▶ _WHAT THIS TASK INVOLVES_:
Please print exactly the lines below, from the start of the material up to and including the line with "Orange Marble Chips 1Kg By Plant Culture PH", but none of the pictures.

▶ _DATA IN THIS EXERCISE_:
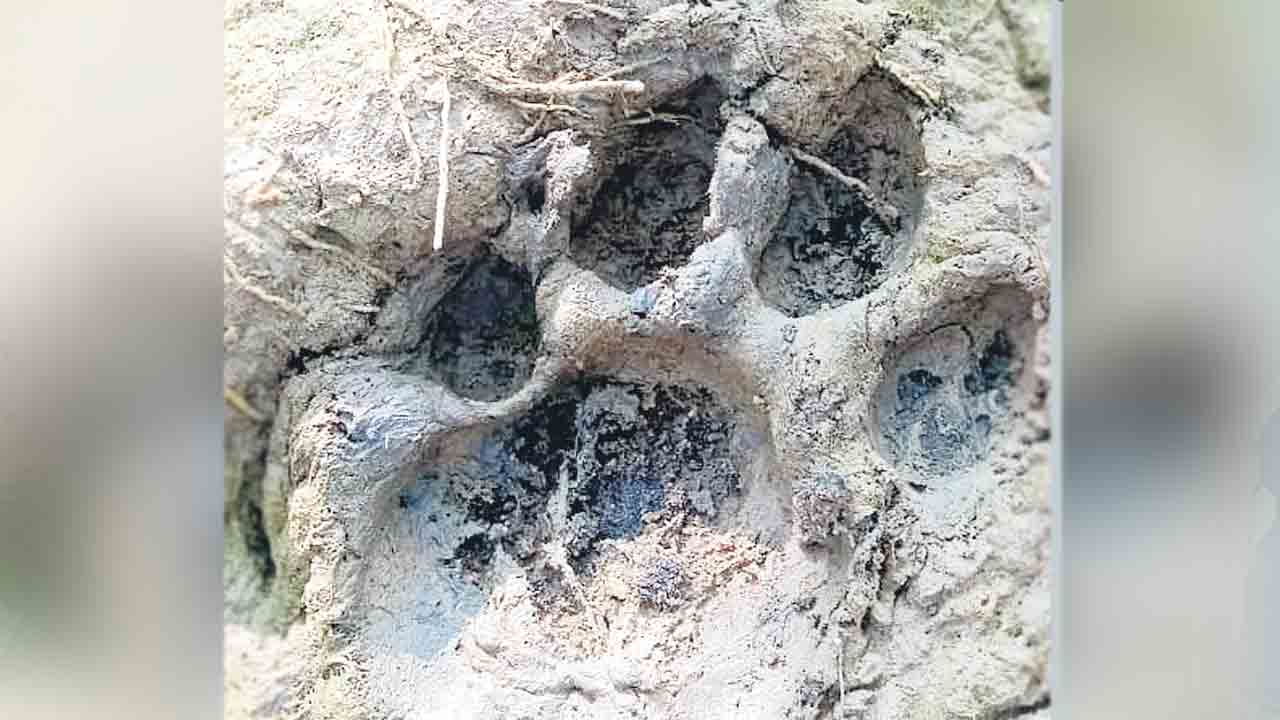 పులి అలజడి.. భయాందోళనలో ప్రజలు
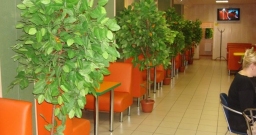 Основной зал — фото 5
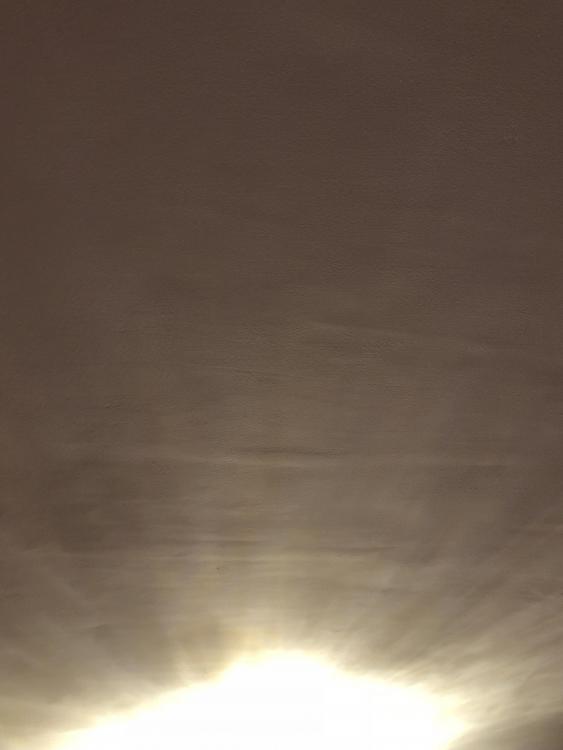 IMG_6064.thumb.JPG.acfb3d3f81dced647bfe45fc065c68ea.JPG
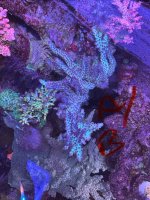 IMG_2819.jpeg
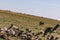 Vultures clean up nature feasting on the prey leftovers on the Savannah Grassland wilderness at the Maasai Mara National Game Rese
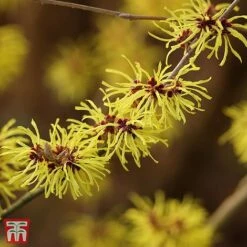 Hamamelis X Intermedia 'Ruby Glow' -Tulip Bloom TKA3152 HAMA 3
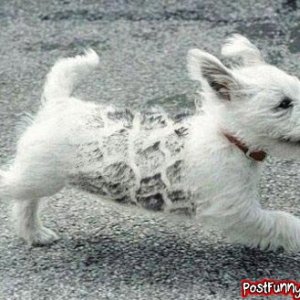 post-funny-pics-0218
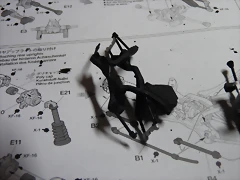 P1090637 P1090637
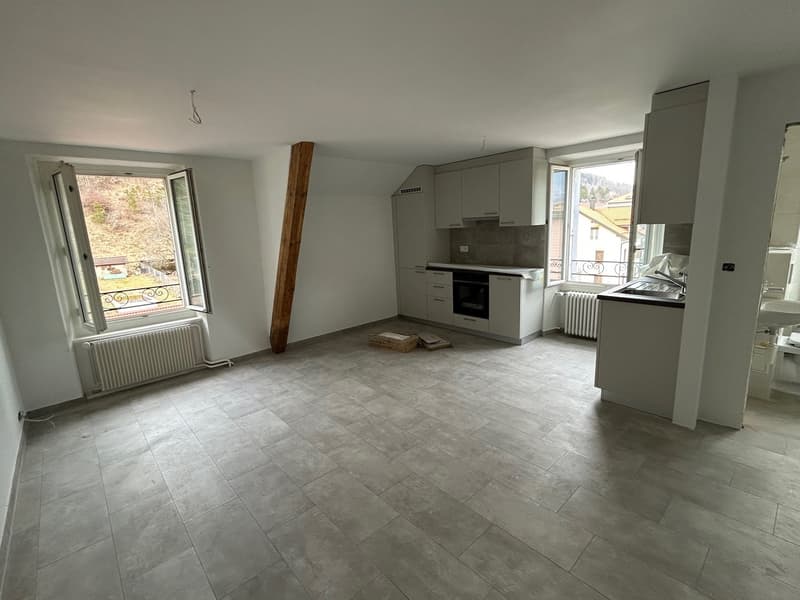 Appartement de 3,5 pièces entièrement rénové (2)
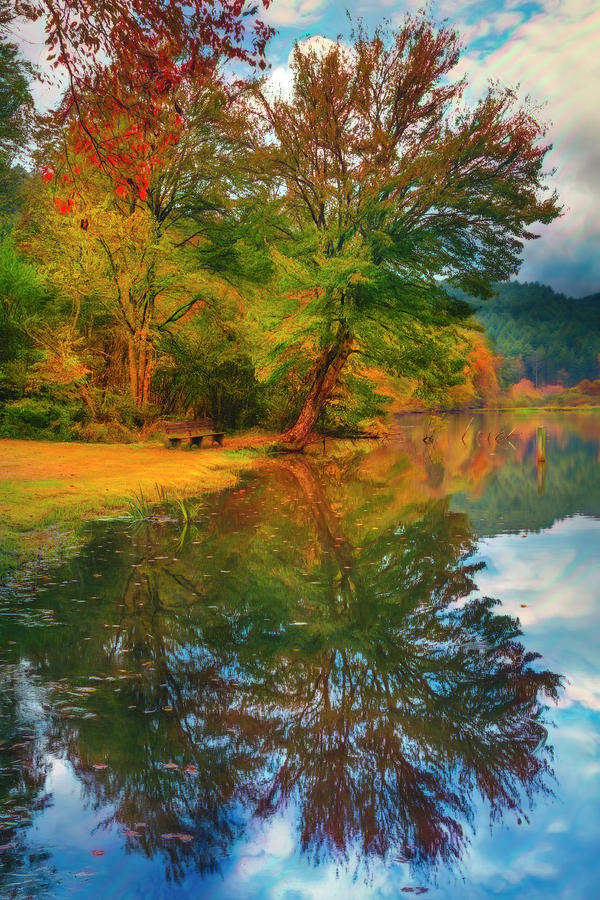 Standing on the Edge of Autumn Watercolor Painting Photograph by Debra and Dave Vanderlaan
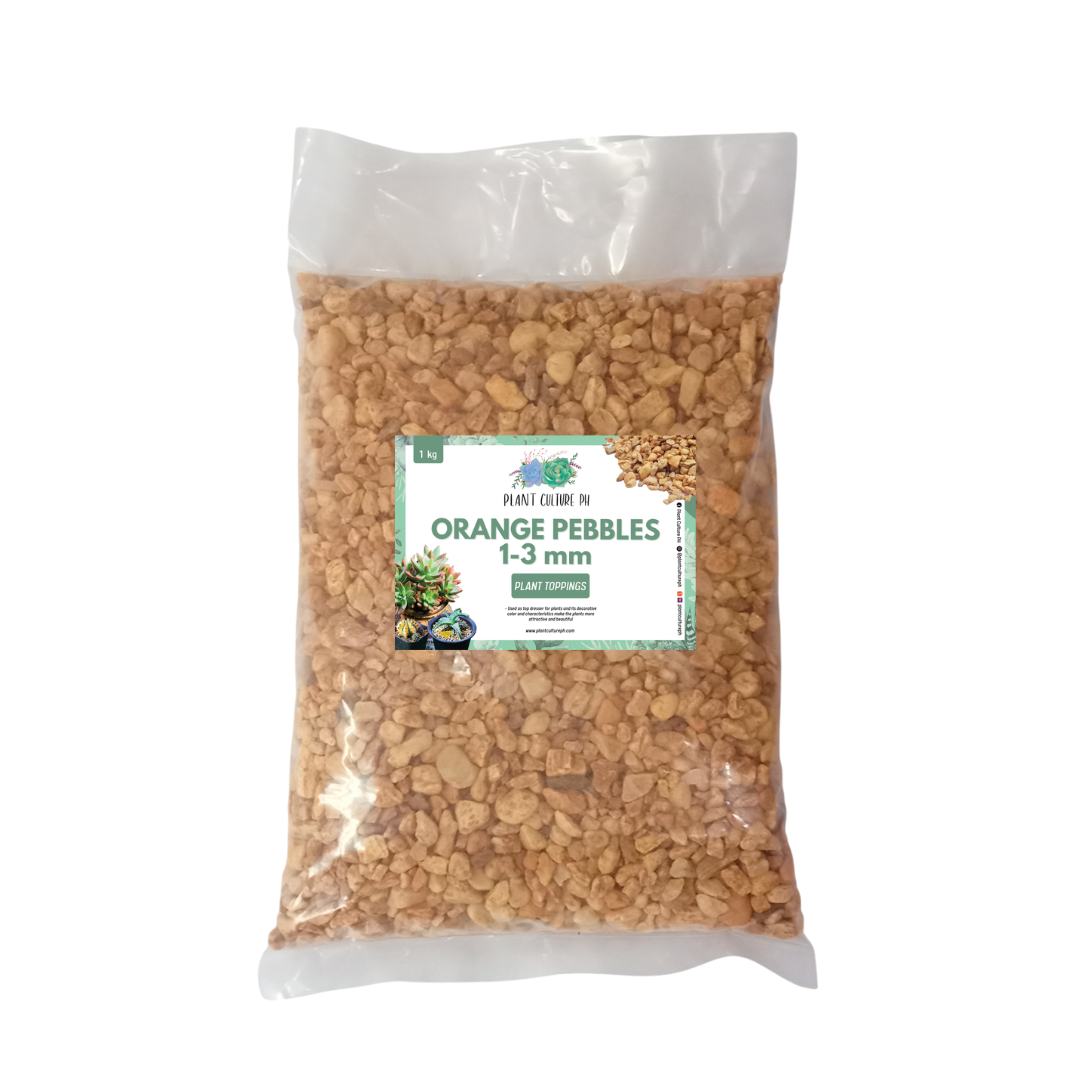 Orange Marble Chips 1Kg By Plant Culture PH
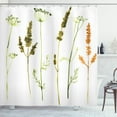 thumbnail image 1 of Ambesonne Watercolor Shower Curtain, Wild Plants Herbs, 69"Wx75"L, Vermilion Dark Green, 1 of 3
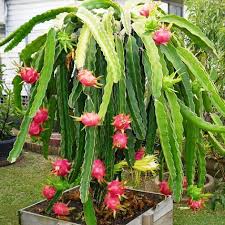 Fruit du Dragon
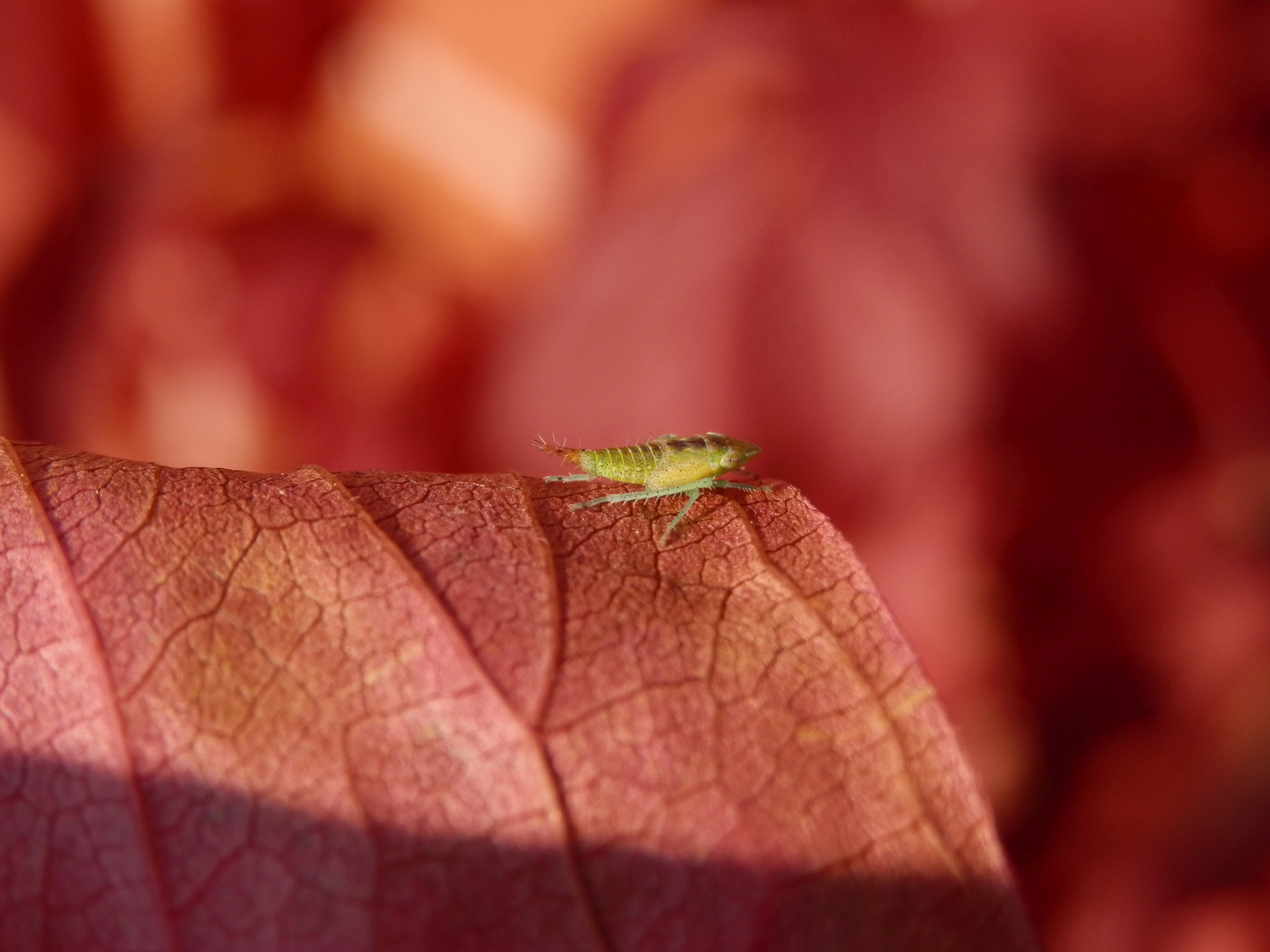 Späte Nymphe der Zwergzikade Fieberiella sp. auf Wildem Wein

▶ _SOLVED PROBLEM_:
 పులి అలజడి.. భయాందోళనలో ప్రజలు
 Основной зал — фото 5
 IMG_6064.thumb.JPG.acfb3d3f81dced647bfe45fc065c68ea.JPG
 IMG_2819.jpeg
 Vultures clean up nature feasting on the prey leftovers on the Savannah Grassland wilderness at the Maasai Mara National Game Rese
 Hamamelis X Intermedia 'Ruby Glow' -Tulip Bloom TKA3152 HAMA 3
 post-funny-pics-0218
 P1090637 P1090637
 Appartement de 3,5 pièces entièrement rénové (2)
 Standing on the Edge of Autumn Watercolor Painting Photograph by Debra and Dave Vanderlaan
 Orange Marble Chips 1Kg By Plant Culture PH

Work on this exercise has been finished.